My bamboo toothbrush makes me a little happier each morning.
And no, I don’t have any shares in the bamboo toothbrush industry.
I don’t promote a particular brand either–the one I use is just one example.
I just wish I knew about bamboo toothbrushes earlier.
A bamboo toothbrush will make your smile so much more attractive.
Try it and you’ll see.
9 thoughts on “Let’s Talk About… Your Toothbrush”
Great. Congrats &all the very best. with more than 1600 species and over 10000 uses bamboo if wisely used can play a crucial role for the post covid world . Sharing.
#sukhodayaglobalnetwork for #integratedsustainabledevelopment
Bamboo one can use as toothbrush, toothpaste, tea, food or noodles as morning breakfast, podding or pickle or rice for lunch, mobile stand, laptop , furniture, utensils, clothes, paper, roofing , wall or floor tiles and many other use.

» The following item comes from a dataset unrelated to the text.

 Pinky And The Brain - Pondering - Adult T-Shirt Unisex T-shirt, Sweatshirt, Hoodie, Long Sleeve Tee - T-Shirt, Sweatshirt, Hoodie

My sister has one and keeps convincing me to get one too. She is on this subscription thingy where they send you a new one once yours gets too raggedy to keep using. Some cultures use the bark of a certain tree and apparently it has great antibacterial properties. Anyway I digress. This is a great thing to raise awareness of. Easily changed too in people’s lifestyles with minimum disruption!
a dephtful tinge
I don’t use a bamboo toothbrush, but I pick a toothbrush made of recyclable plastic – I find it incredibly important to show support to brands that are trying to give a new life to plastic that is already in circulation 🙂
This is interesting to read!
If you want to actually save the planet, don’t ever fly again or have kids. These are thousands of times worse than the plastic waste of a toothbrush. Maybe it makes you feel good that you’re doing you’re not but you’re not. It’s just for your ego
The planet doesn’t need any saving, Sarah. Nature cannot be destroyed. It’s just the future of our species that remains to be determined. Nature will do fine without us as it did for billions of years before we appeared. Choosing a non-plastic toothbrush (or one made from recycled plastic) is a lot easier than not flying or not having kids–for most people at least. Plastic toothbrushes add about 50 million pounds of waste to landfills in the US every year, that’s a lot heavier than your argument–or my ego.